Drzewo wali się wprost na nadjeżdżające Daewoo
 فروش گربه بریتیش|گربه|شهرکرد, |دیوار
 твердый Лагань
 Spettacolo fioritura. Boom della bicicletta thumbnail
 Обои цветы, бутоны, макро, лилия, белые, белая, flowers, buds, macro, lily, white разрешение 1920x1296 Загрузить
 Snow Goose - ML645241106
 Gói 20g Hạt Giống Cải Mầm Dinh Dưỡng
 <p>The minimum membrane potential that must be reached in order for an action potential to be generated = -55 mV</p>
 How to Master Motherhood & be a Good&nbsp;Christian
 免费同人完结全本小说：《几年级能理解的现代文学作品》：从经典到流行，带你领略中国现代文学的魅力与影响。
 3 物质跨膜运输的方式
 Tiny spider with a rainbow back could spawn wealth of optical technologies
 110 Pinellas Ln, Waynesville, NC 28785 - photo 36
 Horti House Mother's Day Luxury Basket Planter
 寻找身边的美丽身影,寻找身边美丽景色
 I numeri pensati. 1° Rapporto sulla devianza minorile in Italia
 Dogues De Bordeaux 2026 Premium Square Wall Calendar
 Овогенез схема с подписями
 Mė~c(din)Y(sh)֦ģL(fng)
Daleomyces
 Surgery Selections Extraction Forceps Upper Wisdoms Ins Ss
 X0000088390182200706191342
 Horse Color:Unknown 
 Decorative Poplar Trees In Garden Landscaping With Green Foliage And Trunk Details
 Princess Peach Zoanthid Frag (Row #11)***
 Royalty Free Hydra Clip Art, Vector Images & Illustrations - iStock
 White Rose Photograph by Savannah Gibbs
################
• **WORK REQUEST**: Write out each record again, keeping every word as it is.

• **RESPONSE TO THE EXERCISE**:
Drzewo wali się wprost na nadjeżdżające Daewoo
 فروش گربه بریتیش|گربه|شهرکرد, |دیوار
 твердый Лагань
 Spettacolo fioritura. Boom della bicicletta thumbnail
 Обои цветы, бутоны, макро, лилия, белые, белая, flowers, buds, macro, lily, white разрешение 1920x1296 Загрузить
 Snow Goose - ML645241106
 Gói 20g Hạt Giống Cải Mầm Dinh Dưỡng
 <p>The minimum membrane potential that must be reached in order for an action potential to be generated = -55 mV</p>
 How to Master Motherhood & be a Good&nbsp;Christian
 免费同人完结全本小说：《几年级能理解的现代文学作品》：从经典到流行，带你领略中国现代文学的魅力与影响。
 3 物质跨膜运输的方式
 Tiny spider with a rainbow back could spawn wealth of optical technologies
 110 Pinellas Ln, Waynesville, NC 28785 - photo 36
 Horti House Mother's Day Luxury Basket Planter
 寻找身边的美丽身影,寻找身边美丽景色
 I numeri pensati. 1° Rapporto sulla devianza minorile in Italia
 Dogues De Bordeaux 2026 Premium Square Wall Calendar
 Овогенез схема с подписями
 Mė~c(din)Y(sh)֦ģL(fng)
Daleomyces
 Surgery Selections Extraction Forceps Upper Wisdoms Ins Ss
 X0000088390182200706191342
 Horse Color:Unknown 
 Decorative Poplar Trees In Garden Landscaping With Green Foliage And Trunk Details
 Princess Peach Zoanthid Frag (Row #11)***
 Royalty Free Hydra Clip Art, Vector Images & Illustrations - iStock
 White Rose Photograph by Savannah Gibbs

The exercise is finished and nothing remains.